Hello,

firstly apologies upfront if any of my terminology is incorrect, I am newbie
to OSGI and struggling with the concepts.

I am working on a project that uses Karaf with Felix to provide OSGI based
services that service a Swing GUI client.

The services have been developed over the past 3 years or so but don't have
any automated integration tests.

My goal is to be able to run integration tests within a continuous
integration tool such as Jenkins.

I am looking for guidance on possible integration test solutions. I have
tried to implement a test using Pax Exam and
had a brief look at SpringDM but I am having difficulty provisioning the
required bundles.

The project consists of about a dozen maven modules which build OSGI
bundles. There are some custom configuration properties files
with properties such as org.osgi.framework.system.packages.extra and
org.osgi.framework.system.packages, also an XML
file specifying the features.

I am not sure that I fully understand but it seems to me that in order to
get Pax Exam to test these bundles I must
necessarily specify all of bundles that the bundle in question to test
requires e.g. given a bundle called 'broker' using maven
coordinates I would have do something like the following

.
.
.
mavenBundle().groupId( "org.springframework" ).artifactId( "spring-beans" )
mavenBundle().groupId( "org.springframework" ).artifactId( "spring-tx" )
mavenBundle().groupId( "uniworks" ).artifactId( "broker" )

I have seen cases with someone has written a method to try and read files
from a directory to try and reduce the 
manual work but these solutions seem a poor fit for our requirements as the
project depends on 100+ external libraries
most of which are OSGIsed, and some not, which are specified in the
org.osgi.framework.system.packages.extra property.

The analogy I would like to describe is integration testing with the Spring
framework (AbstractTransactionalSpringContextTests or similar) 
where often the configuration application context files used in production
can be reused verbatim (with a few changes, say different database) 
when running the tests. This to me seems to provide a huge advantage over
having to restate and constantly maintain the 'configuration' 
needed to test the classes. 

I started to look at
http://felix.apache.org/site/apache-felix-ipojo-junit4osgi-maven.html which
if I understand correctly should allow
tests to be run against the bundles as they are currently configured. So
provided the OSGI bundles can be started before the maven integration-test
phase, say 
in the pre-integration-test phase, then the tests should be able to be
implemented without having to specifically specify all the required bundles
and config files
needed to start the dozen or so bundles to perform the integration test. 

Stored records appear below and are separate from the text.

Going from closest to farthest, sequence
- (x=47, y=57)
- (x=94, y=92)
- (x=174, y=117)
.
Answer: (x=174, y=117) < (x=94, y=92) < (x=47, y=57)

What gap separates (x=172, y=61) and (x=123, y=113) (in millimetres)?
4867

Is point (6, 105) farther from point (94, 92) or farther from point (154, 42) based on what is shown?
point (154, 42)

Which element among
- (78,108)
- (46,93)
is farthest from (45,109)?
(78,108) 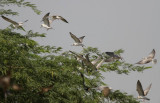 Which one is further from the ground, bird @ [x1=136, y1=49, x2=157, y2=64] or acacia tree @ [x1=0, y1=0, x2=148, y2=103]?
bird @ [x1=136, y1=49, x2=157, y2=64]

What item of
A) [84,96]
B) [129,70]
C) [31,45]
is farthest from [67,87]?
[129,70]

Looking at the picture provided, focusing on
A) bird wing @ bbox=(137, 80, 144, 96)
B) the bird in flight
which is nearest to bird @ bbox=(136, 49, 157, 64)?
bird wing @ bbox=(137, 80, 144, 96)

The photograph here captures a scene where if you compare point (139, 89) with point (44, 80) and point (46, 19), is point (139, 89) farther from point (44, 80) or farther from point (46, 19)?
point (46, 19)

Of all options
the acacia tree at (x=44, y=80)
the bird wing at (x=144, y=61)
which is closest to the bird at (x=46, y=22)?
the acacia tree at (x=44, y=80)

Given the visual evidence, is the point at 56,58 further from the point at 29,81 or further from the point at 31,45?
the point at 29,81

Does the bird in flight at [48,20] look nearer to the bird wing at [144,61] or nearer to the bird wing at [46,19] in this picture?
the bird wing at [46,19]

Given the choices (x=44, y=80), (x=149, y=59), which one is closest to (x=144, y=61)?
(x=149, y=59)

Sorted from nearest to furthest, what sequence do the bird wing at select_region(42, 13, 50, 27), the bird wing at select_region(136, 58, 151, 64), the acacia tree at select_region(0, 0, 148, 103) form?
the acacia tree at select_region(0, 0, 148, 103) → the bird wing at select_region(136, 58, 151, 64) → the bird wing at select_region(42, 13, 50, 27)

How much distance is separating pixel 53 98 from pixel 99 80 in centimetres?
90

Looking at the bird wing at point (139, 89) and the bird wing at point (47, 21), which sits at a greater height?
the bird wing at point (47, 21)

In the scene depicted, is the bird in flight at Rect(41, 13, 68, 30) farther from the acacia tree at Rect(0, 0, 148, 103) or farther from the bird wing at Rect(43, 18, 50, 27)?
the acacia tree at Rect(0, 0, 148, 103)

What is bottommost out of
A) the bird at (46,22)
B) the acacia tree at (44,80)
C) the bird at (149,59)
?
the acacia tree at (44,80)

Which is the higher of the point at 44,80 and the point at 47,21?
the point at 47,21

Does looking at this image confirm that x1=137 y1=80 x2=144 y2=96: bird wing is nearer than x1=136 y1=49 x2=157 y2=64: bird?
Yes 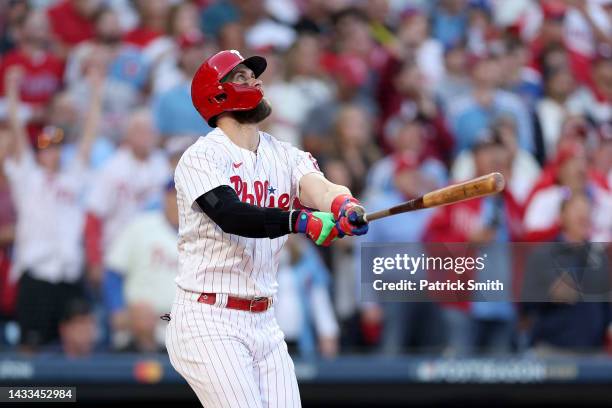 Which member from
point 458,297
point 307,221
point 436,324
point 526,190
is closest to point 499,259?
point 458,297

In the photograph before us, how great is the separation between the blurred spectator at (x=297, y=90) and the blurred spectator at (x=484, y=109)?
0.96m

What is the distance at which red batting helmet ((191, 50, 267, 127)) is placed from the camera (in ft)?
11.6

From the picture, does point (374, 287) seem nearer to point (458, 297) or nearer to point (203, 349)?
point (458, 297)

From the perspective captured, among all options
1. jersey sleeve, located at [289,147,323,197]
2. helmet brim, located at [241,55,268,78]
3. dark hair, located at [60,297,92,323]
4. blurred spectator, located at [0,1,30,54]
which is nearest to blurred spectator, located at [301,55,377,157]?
dark hair, located at [60,297,92,323]

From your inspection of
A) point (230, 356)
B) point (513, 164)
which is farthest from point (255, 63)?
point (513, 164)

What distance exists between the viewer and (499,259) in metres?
4.55

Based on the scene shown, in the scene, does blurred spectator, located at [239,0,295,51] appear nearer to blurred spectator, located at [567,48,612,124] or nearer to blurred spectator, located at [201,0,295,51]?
blurred spectator, located at [201,0,295,51]

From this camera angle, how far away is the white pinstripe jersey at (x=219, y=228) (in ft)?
11.2

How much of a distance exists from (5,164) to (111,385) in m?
1.54

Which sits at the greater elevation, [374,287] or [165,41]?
[165,41]

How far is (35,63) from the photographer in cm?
732

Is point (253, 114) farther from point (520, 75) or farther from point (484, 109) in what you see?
point (520, 75)

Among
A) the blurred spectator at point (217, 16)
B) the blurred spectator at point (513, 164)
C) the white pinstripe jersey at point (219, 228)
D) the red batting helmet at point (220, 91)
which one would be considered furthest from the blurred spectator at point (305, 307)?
the red batting helmet at point (220, 91)

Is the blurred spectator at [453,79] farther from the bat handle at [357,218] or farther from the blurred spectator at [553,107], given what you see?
the bat handle at [357,218]
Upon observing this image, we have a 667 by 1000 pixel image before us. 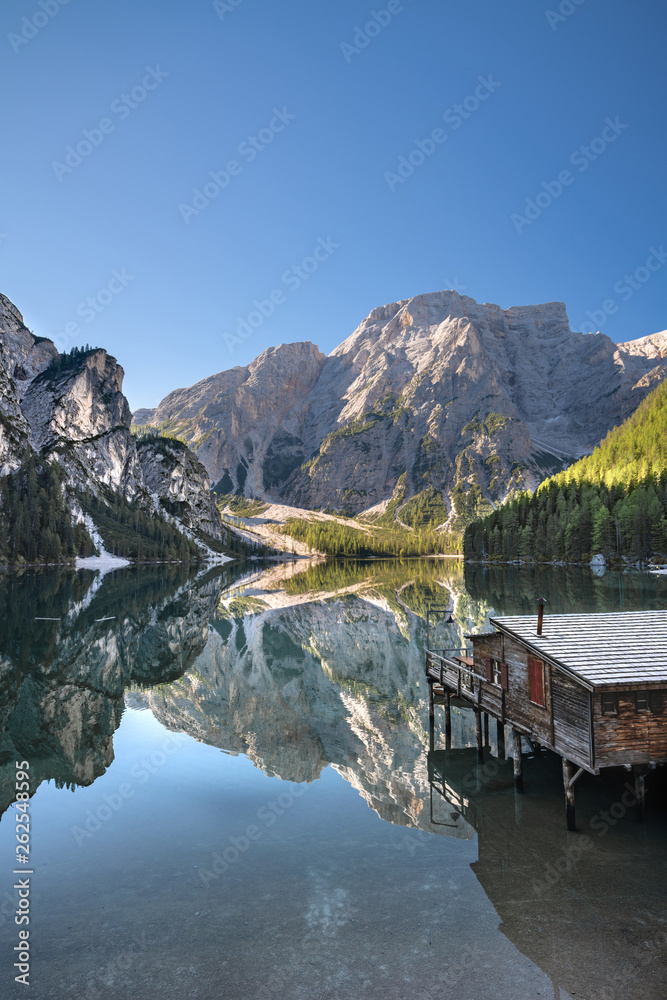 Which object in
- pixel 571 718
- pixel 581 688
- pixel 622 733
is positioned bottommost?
pixel 622 733

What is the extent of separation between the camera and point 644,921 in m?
14.1

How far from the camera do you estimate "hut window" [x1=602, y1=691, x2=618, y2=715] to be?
18.4 meters

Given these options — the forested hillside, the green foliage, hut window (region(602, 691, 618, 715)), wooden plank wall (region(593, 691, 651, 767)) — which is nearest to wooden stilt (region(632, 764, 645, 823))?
wooden plank wall (region(593, 691, 651, 767))

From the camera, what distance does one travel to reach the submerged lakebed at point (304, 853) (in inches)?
502

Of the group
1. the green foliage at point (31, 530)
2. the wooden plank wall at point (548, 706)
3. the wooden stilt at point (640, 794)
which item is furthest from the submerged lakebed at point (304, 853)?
the green foliage at point (31, 530)

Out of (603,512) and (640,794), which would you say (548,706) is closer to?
(640,794)

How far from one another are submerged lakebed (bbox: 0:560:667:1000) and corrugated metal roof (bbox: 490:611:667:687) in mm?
5523

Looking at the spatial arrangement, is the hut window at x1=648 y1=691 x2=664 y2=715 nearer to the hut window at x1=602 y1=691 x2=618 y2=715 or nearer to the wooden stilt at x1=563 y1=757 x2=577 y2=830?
the hut window at x1=602 y1=691 x2=618 y2=715

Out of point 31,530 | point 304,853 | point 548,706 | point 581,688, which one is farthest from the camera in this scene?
point 31,530

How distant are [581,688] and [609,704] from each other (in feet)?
3.11

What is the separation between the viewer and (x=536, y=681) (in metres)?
21.6

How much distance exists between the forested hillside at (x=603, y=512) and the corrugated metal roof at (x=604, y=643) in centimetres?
12366

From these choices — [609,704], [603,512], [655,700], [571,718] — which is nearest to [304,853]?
[571,718]

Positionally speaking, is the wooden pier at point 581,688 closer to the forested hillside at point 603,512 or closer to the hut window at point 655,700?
the hut window at point 655,700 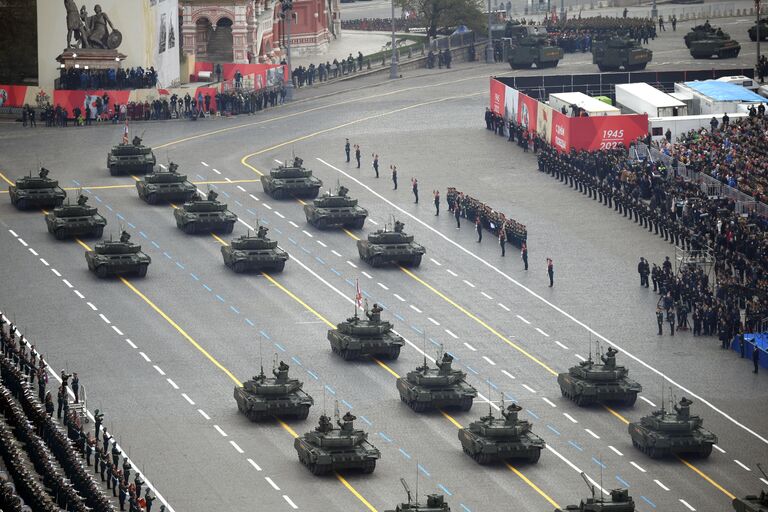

Note that I am not interested (at least at the moment) in testing a bundle
in isolation so the 'running' system as whole (connects to database(s),
legacy COBOL server(s)) 
is required to complete a test. Please, I do not want to get into a
philosophical debate on testing in general i.e. whether you have a opinion
on testing systems
in their entirety or more finely grained.

Am I on the right track with iPOJO? Are there better/other alternatives?